Other than Labor, there are also Armaments and Raw Materials resources, which together turn out to be a rather complex but fun economic balancing act that can fuel terrific power spikes during a campaign (you can rush constructions with Labor!).
Chorfs also have a unique faction-wide buff tree (not race-wide) called the Tower of Zharr, wherein you and other Chorf factions have to jockey for position (and choice of buff) using Conclave Influence, a diplomatic resource that is gained via some of your actions during the campaign. This congress-like element can enable game-changing buffs for you – provided you manage it well. This is on top of the 3-part tech tree.

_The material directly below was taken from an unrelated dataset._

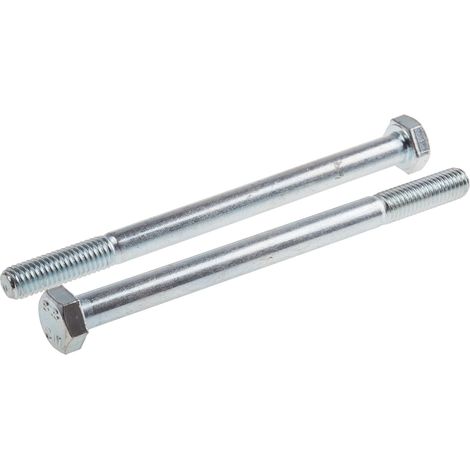 Vis à tête hexagonale, Acier Galvanisé brillant, M8 x 150mm ( Prix pour Sachet de 25 ) (1/2)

All-in-all, the Chorfs are looking like the best addition yet to an already-huge roster in Warhammer III, not in the sense of meta playability, but more on the continuation and improvement of the level of detail and mechanical quality Creative Assembly has put into their game.
There’s Gorduz Backstabber. There’s Zhatan the Black. Drazhoath the Ashen. Stone-legged Astragoth Ironhand with his multitude of explosive spells. The dwarf-faced Lammasu. They’ve enslaved even daemons into K’daai Destroyers and Fireborn. They’re just east of the Old World, seething in the Darklands, waiting to be unleashed.
I suggest you lace up your strategy boots, hop on your Skullcracker, and get boomin’.
What we liked:
- The Chaos Dwarfs are a fun and strategic addition to the game.
- Chaos Dwarf economy doesn’t rely on Growth
- Chaos Dwarves have access to at-will power spikes in both campaign and battles
What we didn’t like:
- Chaos Dwarves require a lot of complex economic and diplomacy micromanagement
Verdict: Buy it!
Total War: Warhammer III Forge of the Chaos Dwarfs DLC is a fantastic addition to the game, offering another strategic layer that’s equally as fun and engaging.
Total War: Warhammer III just gets better with the Chaos Dwarfs, which brings a twist to resource gathering and aims to change up ways of approaching the game. There’s a lot of management needed, both on the economic and diplomacy front, but fans of the game will appreciate the added diversity.
*Total War: Warhammer III Forge of the Chaos Dwarfs DLC was reviewed on a PC with a review code provided by the publisher.